The Busker is a mystery novel set in Europe before German reunification. Alex Fraser - the hero, and a busker with an unfortunate criminal record - winds up in the middle of a complex set of relationships and crimes, the genesis of which dates back to a nasty event taking place before WWII. In trying to unravel these things for an old friend, he winds up going out on a limb to save the life of a child.
For those who don't know, a busker is someone who plays music for coins and donations on the streets. Brian McNeill has spent a lot of time busking, and he knows the trade well.
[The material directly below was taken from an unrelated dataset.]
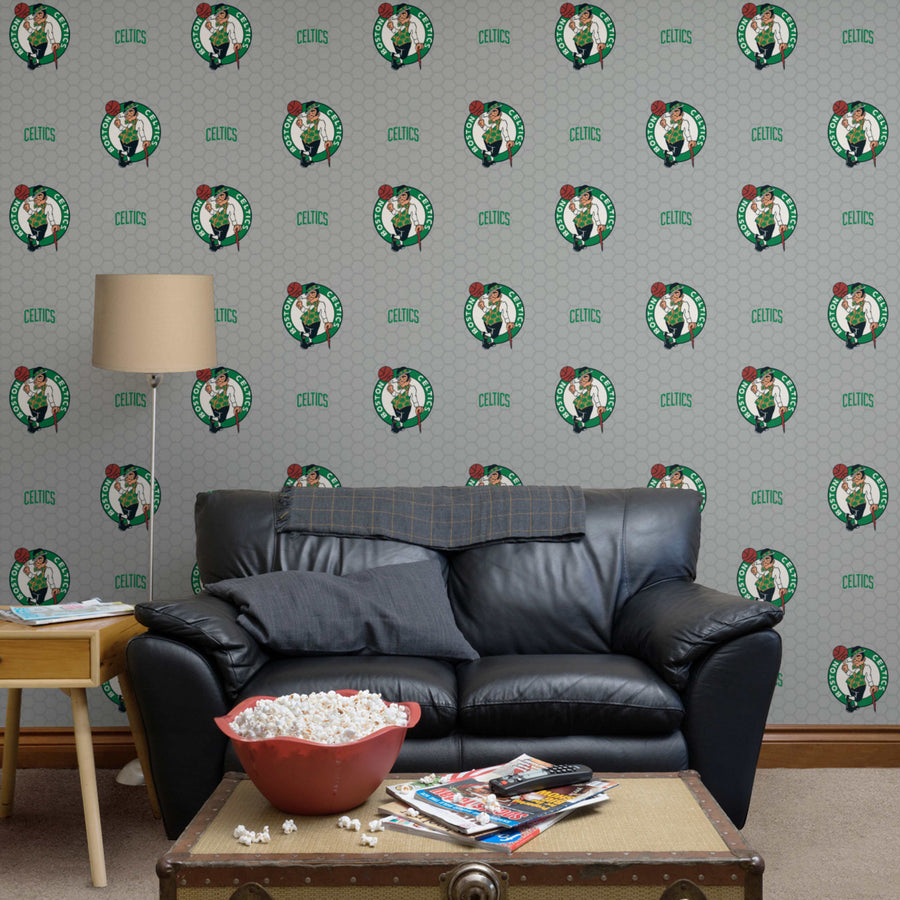 Boston Celtics (Gray) - Logo Pattern - Peel & Stick Wallpaper - Official NBA - Reusable Vinyl Wall Decals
As I say, I really wanted to enjoy this book, but it was hard to do. I found it jumpy - cutting away from some scenes before I was sure what was going on, and coming into others too late to let me figure things out. It's also full of historical references and locations that meant little or nothing to me as a rather poorly educated (about international history, at least) American. In sum, it was difficult to follow. So difficult, in fact, that at times when I got lost I'd just set it down and do something else for a while. Not good.
As I ponder this, I wonder if there isn't an unusual reason for my reaction. McNeill writes wonderful song lyrics for his own works, and it is possible that the skill set needed to write lyrics is different from that needed to write prose. Song lyrics are - by nature - shorter and tend towards the more evocative, even mysterious. Perhaps the tendency to write in that style made The Busker hard for me to follow. I'm not sure, but it is a thought.
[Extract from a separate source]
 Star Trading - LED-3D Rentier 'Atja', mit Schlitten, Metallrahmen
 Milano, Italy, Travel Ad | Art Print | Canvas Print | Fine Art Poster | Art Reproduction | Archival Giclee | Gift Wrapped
Beyond that, however, I thought there were too many coincidences in Alex's work on this mystery. He winds up with a wealthy backer, for example. That would be fine on its own, but he often gets help from total strangers who should - by all rights - turn him over to the police and forget him. I found him leading a bit too charmed an existence, despite the fact that he doesn't have an easy time of it in this story.
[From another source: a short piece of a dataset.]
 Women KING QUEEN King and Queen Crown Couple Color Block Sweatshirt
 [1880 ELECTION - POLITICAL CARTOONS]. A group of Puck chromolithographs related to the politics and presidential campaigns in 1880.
As I have said before, however, mystery novels aren't something I read a lot, so my expectations may not be quite right for the genre. Others may find it better, though the only reference to a book review of it I could find via google was a broken link to a review that panned the book. Oh well.
If despite the above you'd like to get a copy of The Busker or To Answer The Peacock do NOT order directly from amazon.com. These books weren't released in the US as far as I can tell, so the only copies available here are rare used editions at astronomically high prices. I ordered my copies from amazon.co.uk, and that worked out to much lower prices, and one of the books - when it arrives - will be new. I suspect there is a general lesson there as well: check a lot of sources before agreeing to pay $70 for a used book.
More information about Brian McNeill himself can be found here: http://www.brianmcneill.co.uk/, and if you get the chance to see him live in concert do NOT pass it up. He's warm and funny and charming. He tells great stories about the songs he's playing, and he can play Scottish music astoundingly well.
I hope To Answer The Peacock is more to my taste.